> _Work order_
Exactly the lines from the one containing "Grey/Floral Print - Victoria's" through the end of the records must be reproduced; leave out all pictures.

== Segment start ==

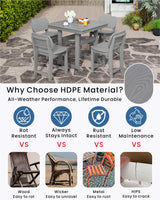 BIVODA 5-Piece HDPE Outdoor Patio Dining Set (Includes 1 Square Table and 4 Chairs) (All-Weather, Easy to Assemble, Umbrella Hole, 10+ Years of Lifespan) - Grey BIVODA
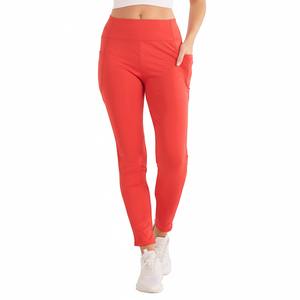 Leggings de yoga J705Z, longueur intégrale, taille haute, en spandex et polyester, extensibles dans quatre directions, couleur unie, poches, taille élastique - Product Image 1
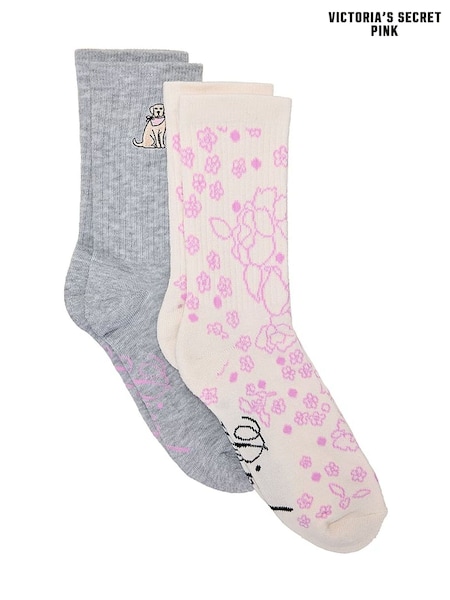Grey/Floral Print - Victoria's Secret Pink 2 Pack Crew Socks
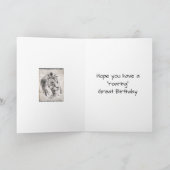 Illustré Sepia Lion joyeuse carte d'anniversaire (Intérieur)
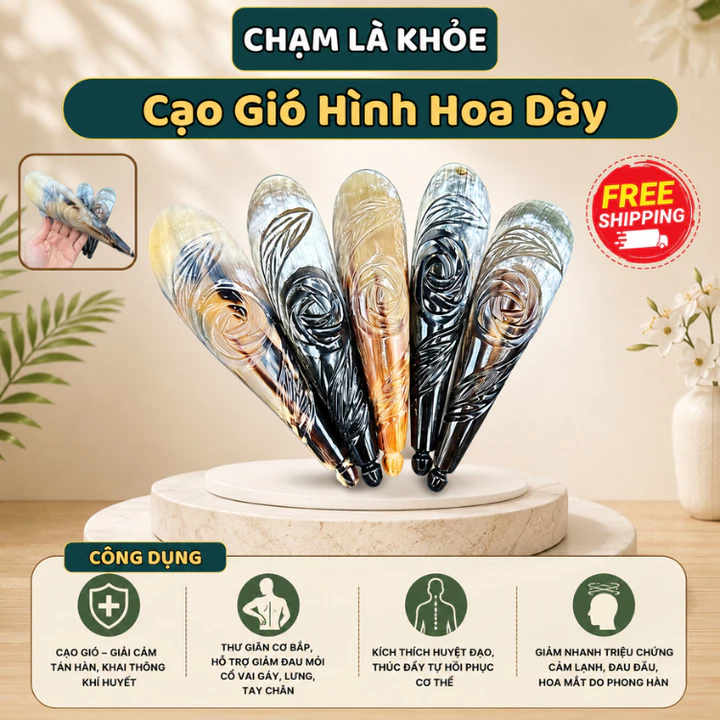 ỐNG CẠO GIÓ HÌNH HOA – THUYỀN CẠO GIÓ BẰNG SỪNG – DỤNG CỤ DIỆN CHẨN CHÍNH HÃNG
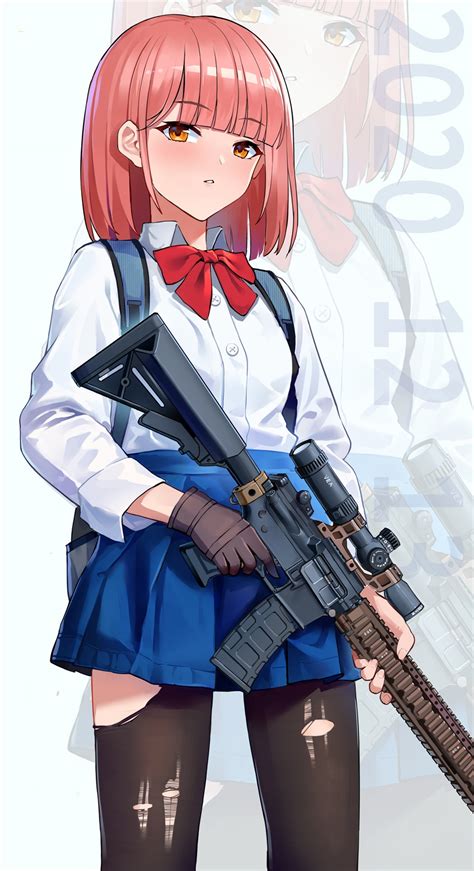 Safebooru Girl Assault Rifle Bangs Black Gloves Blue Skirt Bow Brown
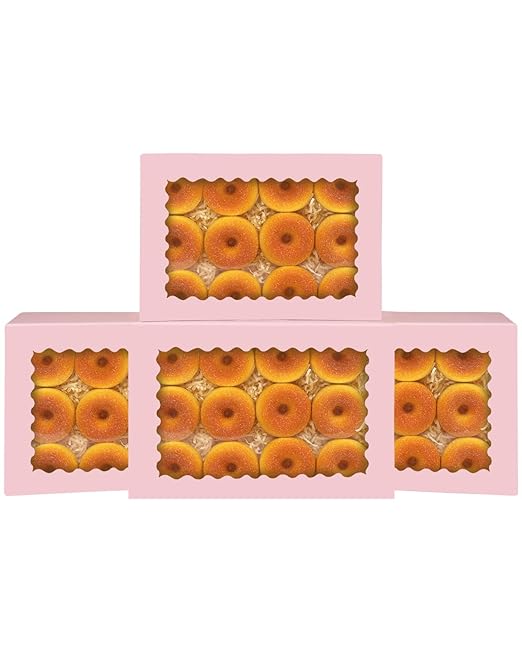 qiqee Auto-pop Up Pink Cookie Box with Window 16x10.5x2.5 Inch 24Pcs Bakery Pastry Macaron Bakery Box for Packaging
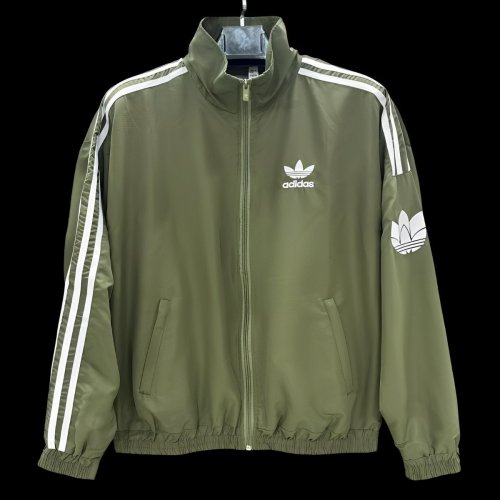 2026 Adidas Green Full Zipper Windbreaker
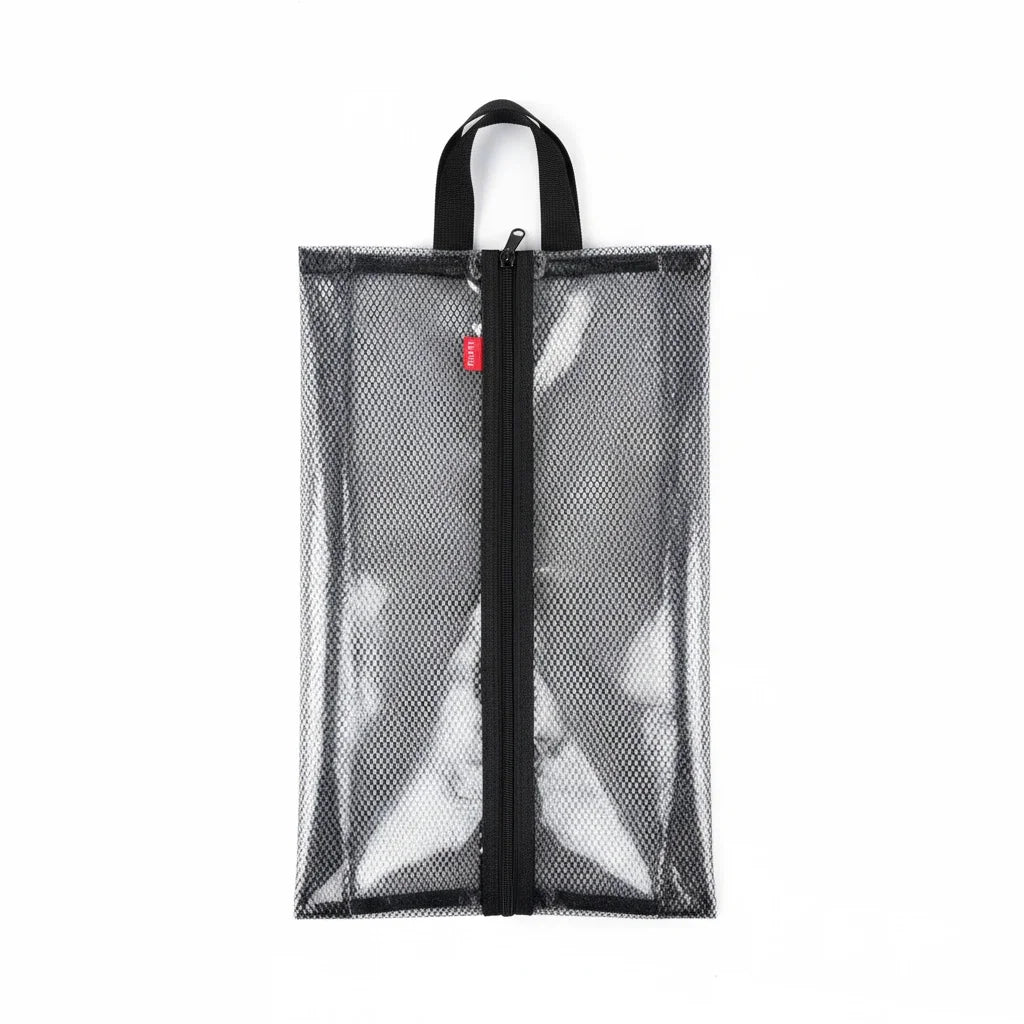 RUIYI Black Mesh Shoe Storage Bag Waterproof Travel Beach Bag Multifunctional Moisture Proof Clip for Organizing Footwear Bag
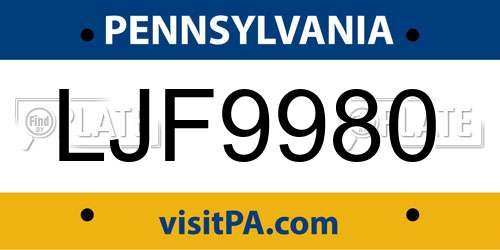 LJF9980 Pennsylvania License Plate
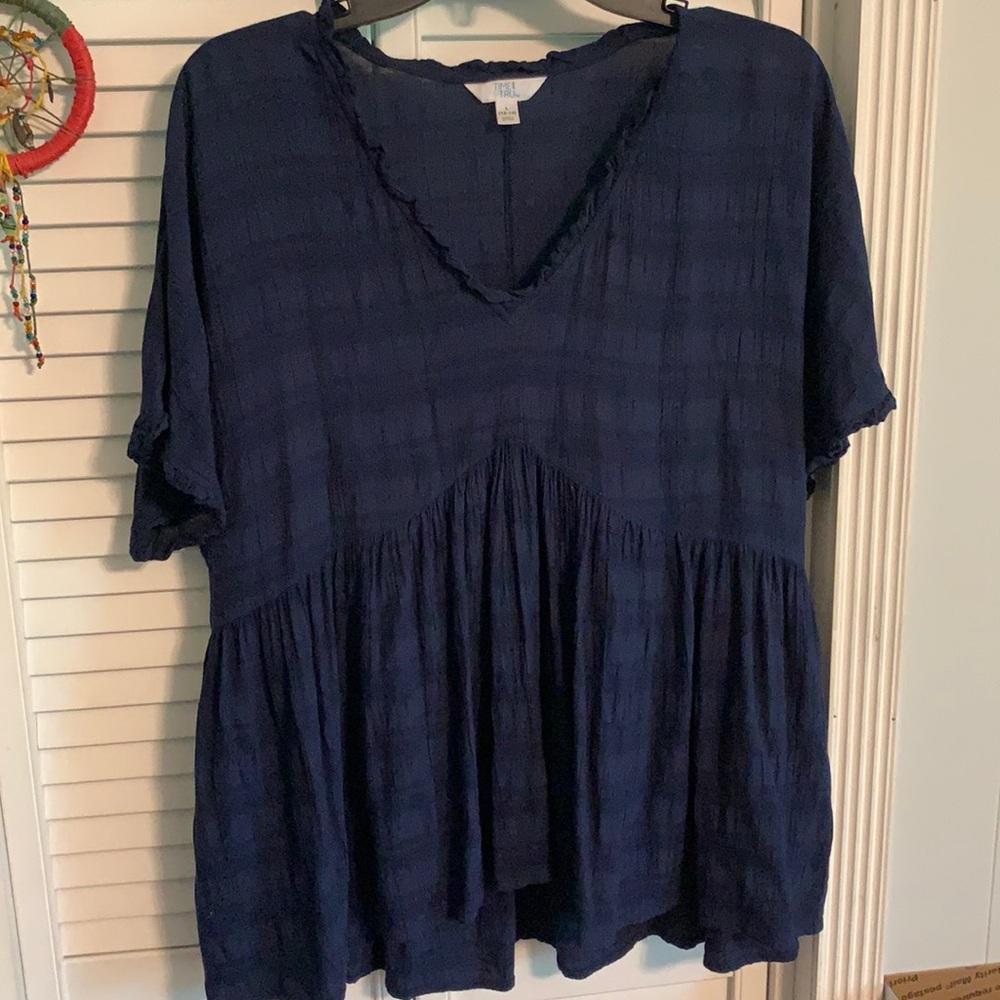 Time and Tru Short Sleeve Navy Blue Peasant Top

== Segment end ==

> _Response area_
Grey/Floral Print - Victoria's Secret Pink 2 Pack Crew Socks
 Illustré Sepia Lion joyeuse carte d'anniversaire (Intérieur)
 ỐNG CẠO GIÓ HÌNH HOA – THUYỀN CẠO GIÓ BẰNG SỪNG – DỤNG CỤ DIỆN CHẨN CHÍNH HÃNG
 Safebooru Girl Assault Rifle Bangs Black Gloves Blue Skirt Bow Brown
 qiqee Auto-pop Up Pink Cookie Box with Window 16x10.5x2.5 Inch 24Pcs Bakery Pastry Macaron Bakery Box for Packaging
 2026 Adidas Green Full Zipper Windbreaker
 RUIYI Black Mesh Shoe Storage Bag Waterproof Travel Beach Bag Multifunctional Moisture Proof Clip for Organizing Footwear Bag
 LJF9980 Pennsylvania License Plate
 Time and Tru Short Sleeve Navy Blue Peasant Top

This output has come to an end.